Fall Out Boy, for better or worse, featured heavily in my generation’s teen years. The “emo wave” hit around the time I hit high school, and I spent most of my that time with Fall Out Boy, My Chemical Romance, Panic! at the Disco, and various other “emo” pop punk bands. When Fall Out Boy broke up near the end of high school, it felt like the end of an era.
Songs like ‘Grand Theft Autumn (Where Is Your Boy)’ and ‘Sophomore Slump or Comeback of the Year’ still give me shivers, because a lot of memories are built alongside music, and Fall Out Boy was the soundtrack of a particular youth. (Thnks fr th Mmrs, y knw?)
And now they’re back.
When releasing a new album, most bands will tease and build suspense by announcing a song that will be released in the next few days. Fall Out Boy decided that wasn’t rock and roll enough for them, and instead of releasing one or two songs and saving the rest for album-buyers, released the whole album to Soundcloud for streaming.
Featuring icons such as Elton John and Courtney Love, it’s clear that Fall Out Boy are pulling out all the stops on their comeback album. Let’s be honest, Save Rock and Roll isn’t the most modest of titles, and they’re not shying around their goal.
The album is mightily diverse and has badass songs like ‘Rat A Tat’ (featuring Courtney Love), which is an exhilarating rush of musical badassery backed by a relentless rhythm section. It also has gorgeous ballads like ‘Young Volcanoes’ which shows off Pete Wentz’s lyrical skills and Pat Stump’s beautifully clear voice (his diction has improved somewhat since the hiatus, if nothing else).

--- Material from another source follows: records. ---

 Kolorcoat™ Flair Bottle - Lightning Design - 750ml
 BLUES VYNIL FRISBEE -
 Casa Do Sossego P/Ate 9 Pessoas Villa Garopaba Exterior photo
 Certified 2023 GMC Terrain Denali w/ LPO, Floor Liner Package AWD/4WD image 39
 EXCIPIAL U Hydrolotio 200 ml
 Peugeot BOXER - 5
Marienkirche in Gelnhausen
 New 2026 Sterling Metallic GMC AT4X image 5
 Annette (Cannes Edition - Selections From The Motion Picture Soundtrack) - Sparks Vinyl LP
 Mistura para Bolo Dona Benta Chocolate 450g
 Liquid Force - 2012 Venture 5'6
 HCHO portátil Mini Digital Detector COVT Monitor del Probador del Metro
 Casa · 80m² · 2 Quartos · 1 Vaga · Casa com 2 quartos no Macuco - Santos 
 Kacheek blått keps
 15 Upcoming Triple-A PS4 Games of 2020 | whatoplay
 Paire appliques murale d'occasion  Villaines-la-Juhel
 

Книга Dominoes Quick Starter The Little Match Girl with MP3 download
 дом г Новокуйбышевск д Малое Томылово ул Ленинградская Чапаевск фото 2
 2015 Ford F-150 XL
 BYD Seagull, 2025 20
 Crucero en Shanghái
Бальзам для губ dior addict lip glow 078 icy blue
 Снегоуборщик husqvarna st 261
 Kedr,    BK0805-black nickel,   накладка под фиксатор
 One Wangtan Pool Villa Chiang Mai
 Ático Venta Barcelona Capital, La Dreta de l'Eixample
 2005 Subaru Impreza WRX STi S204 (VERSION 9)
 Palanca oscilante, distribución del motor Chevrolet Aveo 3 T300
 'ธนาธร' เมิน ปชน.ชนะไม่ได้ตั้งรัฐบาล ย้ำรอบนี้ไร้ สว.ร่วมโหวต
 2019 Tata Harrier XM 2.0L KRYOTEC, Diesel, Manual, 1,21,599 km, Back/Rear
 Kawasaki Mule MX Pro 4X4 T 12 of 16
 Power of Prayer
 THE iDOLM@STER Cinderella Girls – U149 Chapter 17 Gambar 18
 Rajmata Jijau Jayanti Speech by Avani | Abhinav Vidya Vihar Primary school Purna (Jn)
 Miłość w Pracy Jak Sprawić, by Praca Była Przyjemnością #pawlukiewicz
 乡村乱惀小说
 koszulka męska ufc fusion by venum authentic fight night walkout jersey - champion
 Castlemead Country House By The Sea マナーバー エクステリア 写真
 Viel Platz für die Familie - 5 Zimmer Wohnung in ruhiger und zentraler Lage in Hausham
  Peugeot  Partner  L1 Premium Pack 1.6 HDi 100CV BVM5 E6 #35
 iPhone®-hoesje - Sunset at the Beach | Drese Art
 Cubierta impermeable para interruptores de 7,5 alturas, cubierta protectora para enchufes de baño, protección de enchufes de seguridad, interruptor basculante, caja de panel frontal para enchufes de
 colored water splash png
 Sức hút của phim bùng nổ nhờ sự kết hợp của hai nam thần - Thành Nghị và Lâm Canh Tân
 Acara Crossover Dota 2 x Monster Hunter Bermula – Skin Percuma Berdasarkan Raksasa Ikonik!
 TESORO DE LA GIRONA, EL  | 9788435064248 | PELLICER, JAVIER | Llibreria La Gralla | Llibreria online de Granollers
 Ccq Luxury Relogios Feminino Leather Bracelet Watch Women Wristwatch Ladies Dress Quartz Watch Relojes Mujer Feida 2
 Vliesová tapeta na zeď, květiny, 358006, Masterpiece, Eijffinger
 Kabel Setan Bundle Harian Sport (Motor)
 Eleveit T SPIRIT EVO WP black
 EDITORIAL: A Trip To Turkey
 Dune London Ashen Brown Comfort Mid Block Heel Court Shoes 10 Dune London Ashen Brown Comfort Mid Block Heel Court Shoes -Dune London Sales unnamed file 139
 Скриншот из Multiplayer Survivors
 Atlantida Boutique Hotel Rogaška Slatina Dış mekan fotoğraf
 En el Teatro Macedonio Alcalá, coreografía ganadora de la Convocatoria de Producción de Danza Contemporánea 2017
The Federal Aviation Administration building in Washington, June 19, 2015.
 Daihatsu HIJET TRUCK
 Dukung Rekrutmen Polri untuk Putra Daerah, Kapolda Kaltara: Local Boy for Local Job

Save Rock and Roll is a little less experimental than Folie a Deux. Highlights, apart from the songs above, include title track ‘Save Rock and Roll’ (it features Elton John, musically and thematically sounds like the descendent of ‘What a Catch, Donnie’, pays homage to their past music and comes complete with rousing chorus).
I’ll be straight with you – I wasn’t sure what to expect from this album. ‘My Songs Know What You Did In The Dark’ seemed a bit heavy, and I worried they were setting themselves up to fail. Save Rock and Roll, even if it is a little ironic, is a big goal. Still, I found myself thoroughly enjoying this album. I’m glad that they’re back.
Rating: 8/10 – Solid album with some stand out songs.